With the help of Richmond and Shields, the L&A Veterans Council dedicated a new stone monument to Gold Star Families during a Memorial Day Weekend ceremony Saturday morning at Veterans Memorial Park.

The new monument sits atop a mound above the Gold Star Mother's memorial, a large granite framed star filled with marigolds on the mound's incline.

More than 200 people attended the ceremony, including numerous veterans, Civil War reenactors from the 20th Maine, the Legion of Honor color guard from the Kora Shriners and Boy Scouts from Troop 116.

Laurie Sidelinger sang the national anthem, and James Thibodeau of the Scottish Rite played bagpipes. Chaplains representing area veterans organizations read the names of their members who died in the past year.

Neither mayor was in attendance, but a member of the city council from each city, Katherine Boss from Auburn and Michel Lajoie of Lewiston, gave brief remarks. Representatives for Sen. Susan Collins and Rep. Jared Golden also spoke.

A bench was also dedicated in the memory of Dr. Will Bredenberg, who served in the U.S. Navy. James Dean carried his ashes and his photo during the ceremony.

The focus was on the Gold Star Families.

Gold Star Mothers Richmond and Shields and Gold Star Father Terry Knowles helped to unveil the new monument.
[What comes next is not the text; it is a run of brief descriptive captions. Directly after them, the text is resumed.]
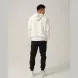 Худи KELME Hooded sweater 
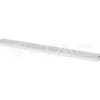 CB Elektro 40W LED lineárne svetlo biele 4000K (V-TAC) CB Elektro 40W LED lineárne svetlo biele 4000K (V-TAC)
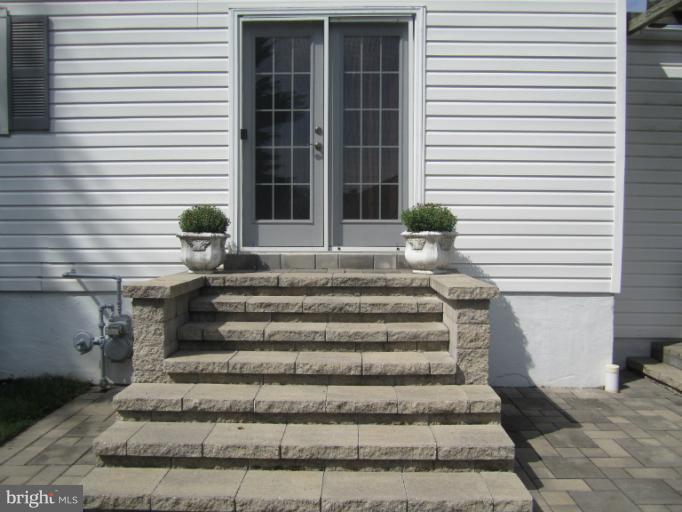 102 Milestone Road Elkton, MD 21921 - Photo 5 of 31 Exterior (Rear)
Bethel and Thomas Shields lost their son, Lt. James B. "Jeb" Shields in 1991 when two P-3 Orions collided off the coast of San Diego, killing all 27 people on board the two planes.

Jeb, who graduated from Bates College in 1987, was working as a stockbroker when he visited a recruiting office. Five days later he was on a plane to Pensacola, Florida, his mother said. He graduated first in his class in navigation. He was stationed at Naval Air Station Moffett Field in California when he died.
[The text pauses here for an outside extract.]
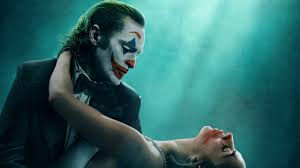 Venice Film Festival: Joker: Folie à Deux, 
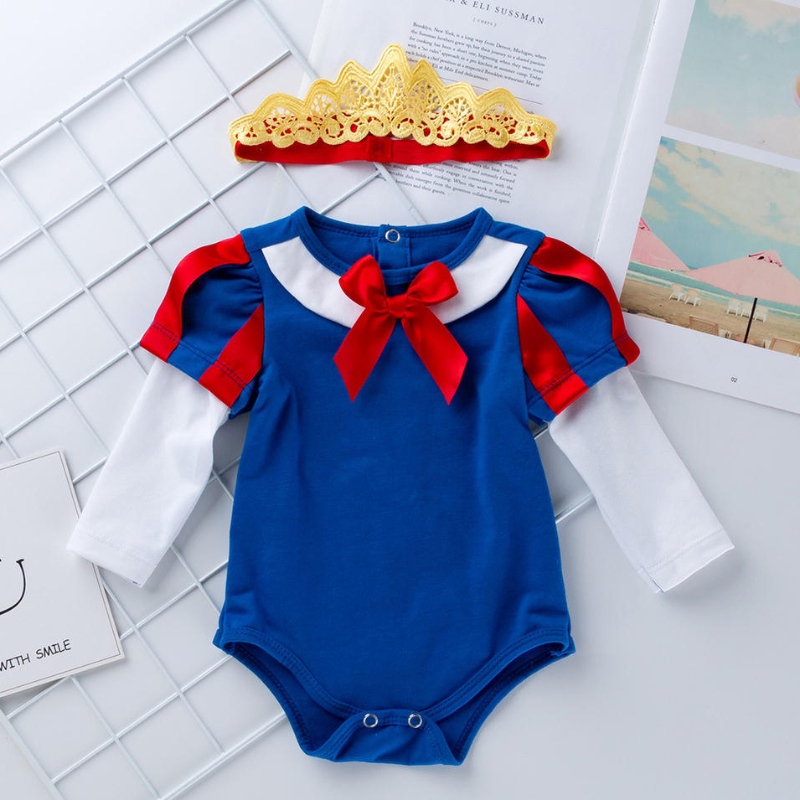 Baby flicka kläder kostymnyfödd födelsedagsfest klänning tutus jumpsuitnyfödd romper med hårband&skor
Shields became active in the Gold Star Mothers and even served as president of the state chapter.

"It's a support system, especially at the beginning," Bethel Shields said. "It's been 30 years for us now. If I can be of help to someone else, that's good. I'm happy to do that."

One person she helped was Richmond., who lost her daughter, a master sergeant, in 2009 when she died suddenly in Nebraska during her 26th year in the Air Force. She said they had exchanged emails the day before her daughter died.
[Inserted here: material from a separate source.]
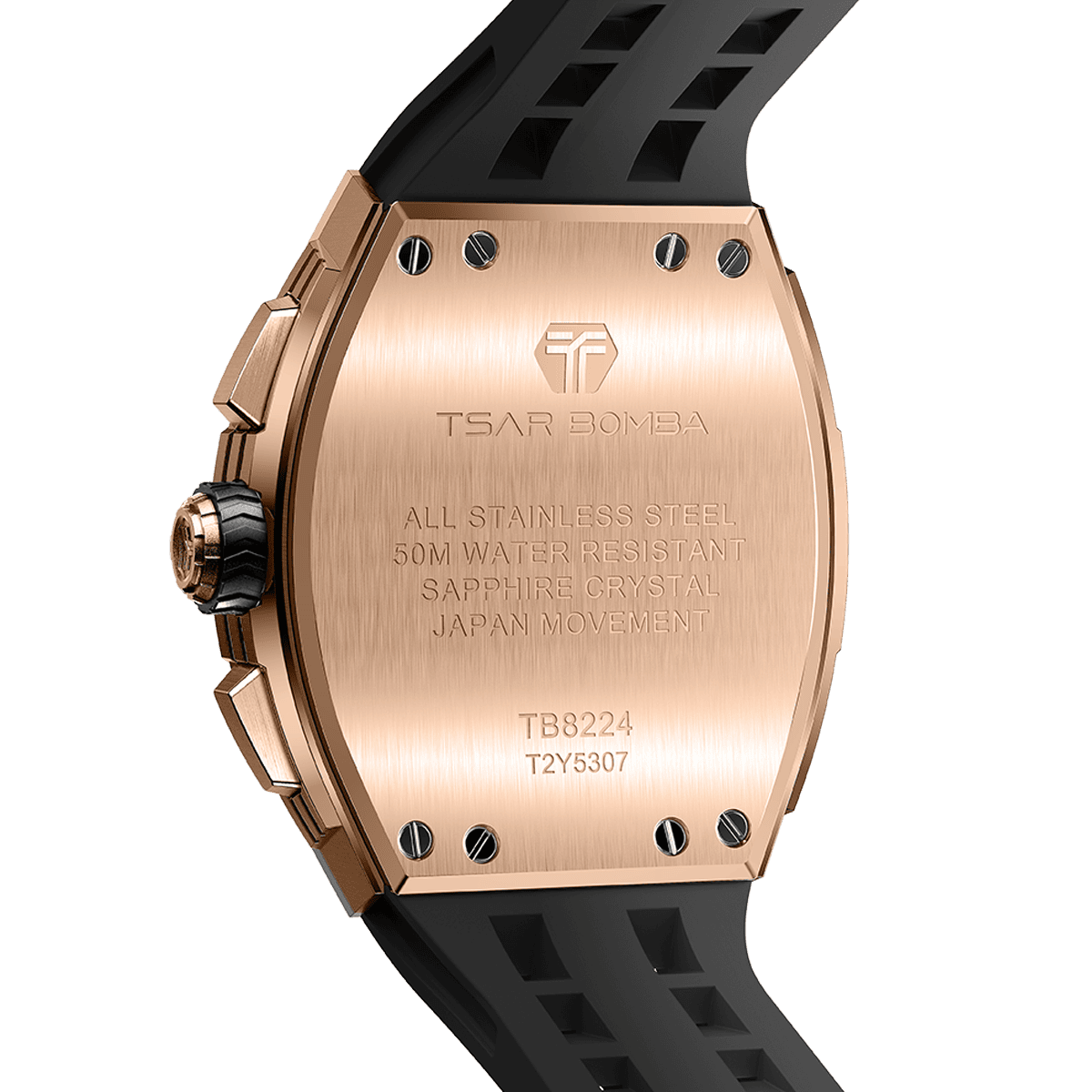 Elemental-Calendar Version TB8224Q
"She had served in the Middle East with IEDs going off all around her," Richmond said. "You sort of expect her to come home in little pieces in a box. As it turned out, she didn't even know what hit her. A medical thing."

"It was bad. It was very, very difficult," she added. "The first couple of weeks it was the funeral and the Air Force and getting people together. You're busy. The first couple of weeks were really hard sometimes. At least your mind was on other things. But then everyone is gone, and you're alone.."

That's when she first heard from Shields. Richmond calls her time with the Gold Star Mothers a "godsend."

Gold Star Mothers, founded in 1928 has expanded to now include all family members — siblings, aunts, uncles and fathers — hence the Gold Star Family monument.

Richmond has filled her time since her daughter's death with the Gold Star second mission, helping numerous veteran organizations, including the L&A Veterans Council and the Marines Corps League.

"My children keep telling me I have to slow down and I keep saying if I slow down then they're going to catch up," Richmond said. "But also, what would I be doing if I didn't do this kind of stuff. God knows I get a lot more hugs this way."